Quote:> I've been doing some calculations (yes - I know I'm sad).

Dont know about ur calculations, but how can it be overkill. The mo secure the better.

I just CANT fine the disadvantages of large(r) keys?

### Key size overkill

>I've been doing some calculations (yes - I know I'm sad).
>By my figuring, even if you were able to get hold of 100 Terahertz of
>processing power, and each clock cycle was able to try a possibility on PGP
>encryption, 128 bits would hold out for over 10^16 years. Is it just me, or
>is the 2048 bit key that PGP recommends a bit overkill?
>Calculations:
>2^128 = 3.423*10^38  -  number of encryption possibilities for 128 bit
>encryption

Presumably the 128 bits is for symmetric keys, and the 2048 bits is
for public/private keys.  A direct comparison of key sizes is
unreasonable, due to the differences in methodologies and
constraints.

While any random 128 bits can be used as a symmetric key, most 2048
bit strings would not be usable as an rsa key (to take one example).

### Key size overkill

> >I've been doing some calculations (yes - I know I'm sad).

> >By my figuring, even if you were able to get hold of 100 Terahertz of
> >processing power, and each clock cycle was able to try a possibility on
PGP
> >encryption, 128 bits would hold out for over 10^16 years. Is it just me,
or
> >is the 2048 bit key that PGP recommends a bit overkill?

> >Calculations:
> >2^128 = 3.423*10^38  -  number of encryption possibilities for 128 bit
> >encryption

> Presumably the 128 bits is for symmetric keys, and the 2048 bits is
> for public/private keys.  A direct comparison of key sizes is
> unreasonable, due to the differences in methodologies and
> constraints.

> While any random 128 bits can be used as a symmetric key, most 2048
> bit strings would not be usable as an rsa key (to take one example).
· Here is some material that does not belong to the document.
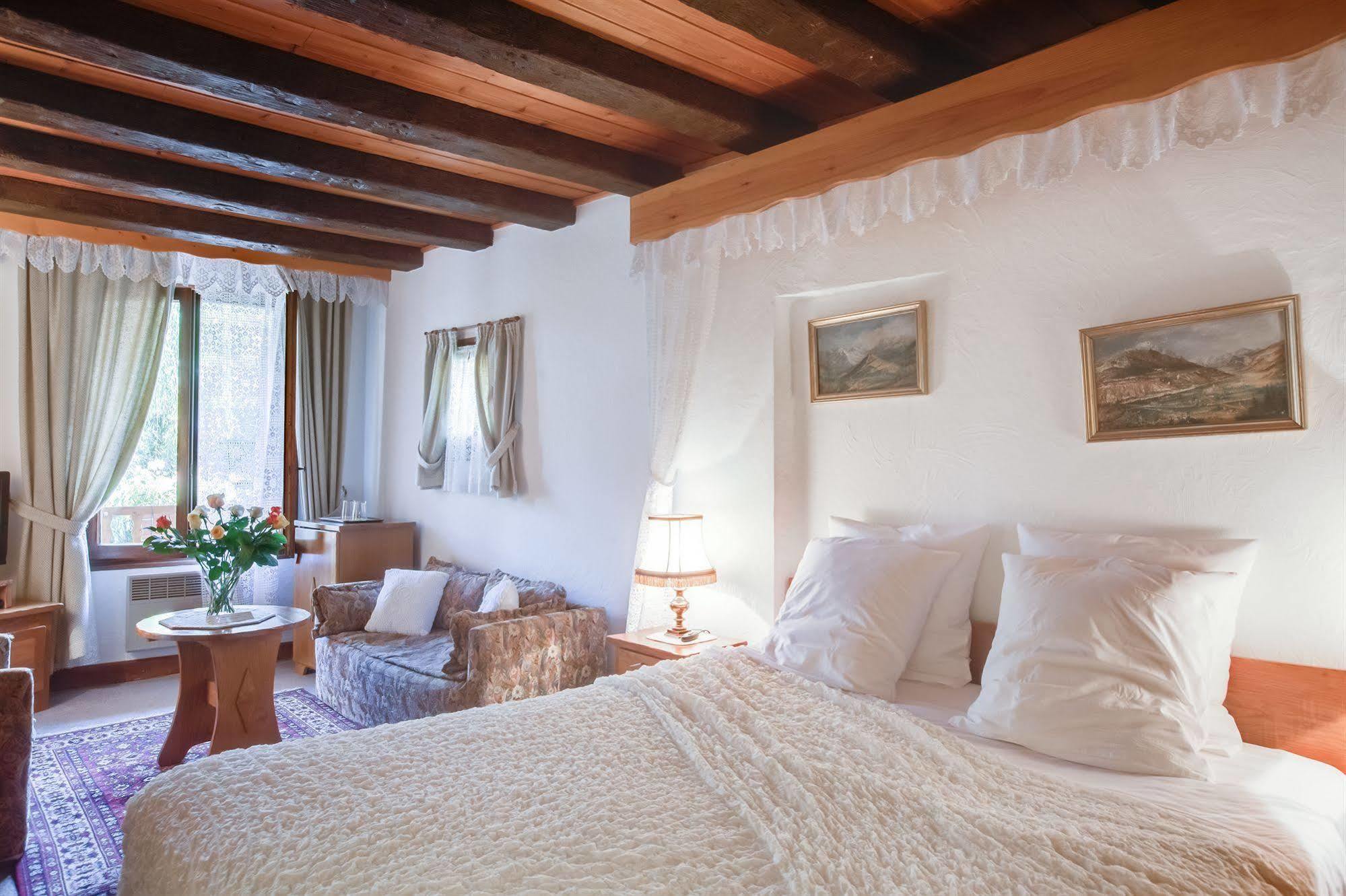 Hotel L'auberge Du Choucas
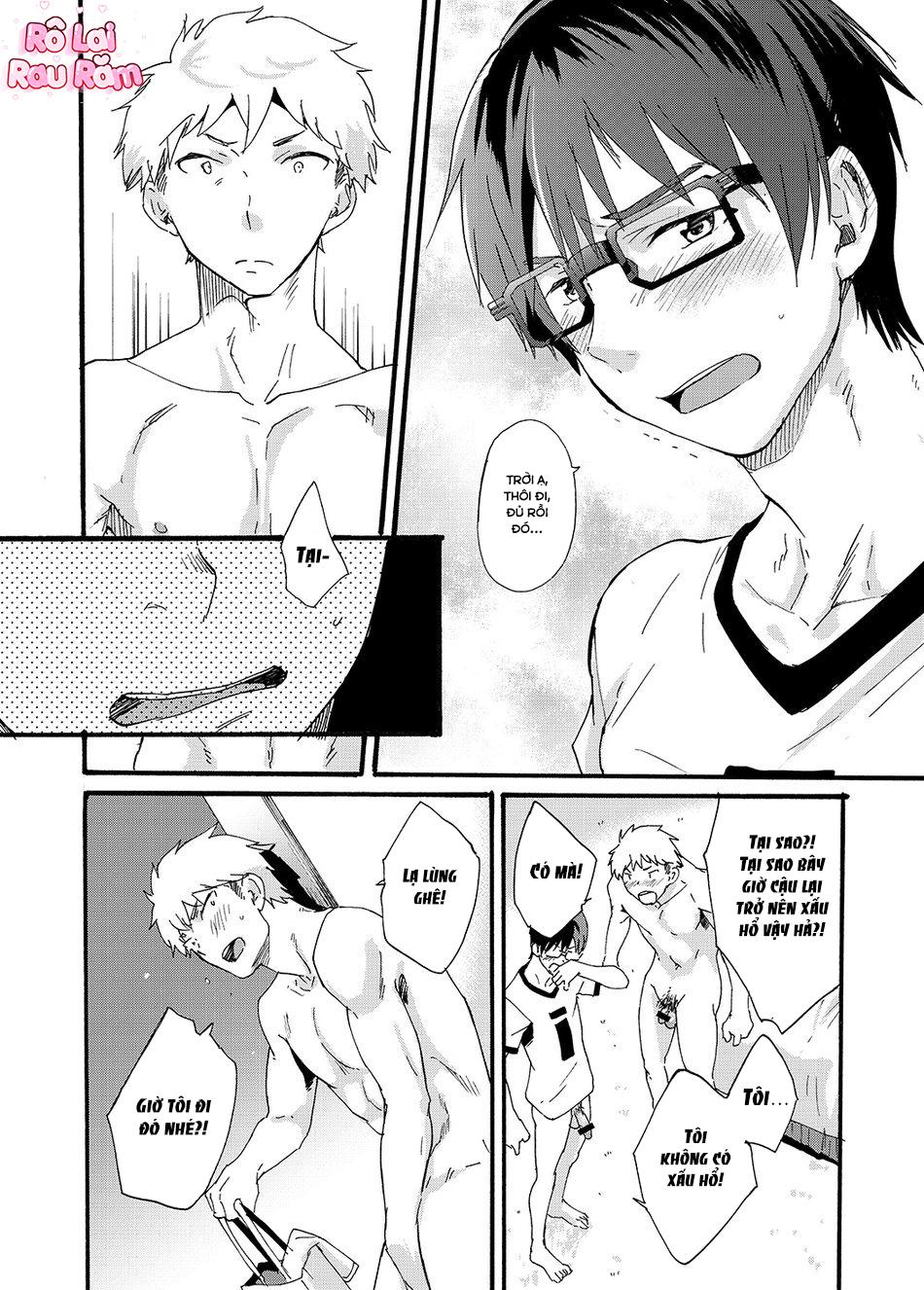 Oneshot Hỏny Nhà Rô Lai Chapter 438.2 - Trang 2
I figured that there was something in it like this, but I'm not sure what
the difference actually is.

I think I'll go trawling the FAQs again...

### Key size overkill

On Sat, 19 Jul 2003 18:33:12 +0100

> > >I've been doing some calculations (yes - I know I'm sad).

> > >By my figuring, even if you were able to get hold of 100 Terahertz
> > >of processing power, and each clock cycle was able to try a
> > >possibility on
> PGP
> > >encryption, 128 bits would hold out for over 10^16 years. Is it
> > >just me,
> or
> > >is the 2048 bit key that PGP recommends a bit overkill?

> > >Calculations:
> > >2^128 = 3.423*10^38  -  number of encryption possibilities for 128
> > >bit encryption

> > Presumably the 128 bits is for symmetric keys, and the 2048 bits is
> > for public/private keys.  A direct comparison of key sizes is
> > unreasonable, due to the differences in methodologies and
> > constraints.

> > While any random 128 bits can be used as a symmetric key, most 2048
> > bit strings would not be usable as an rsa key (to take one example).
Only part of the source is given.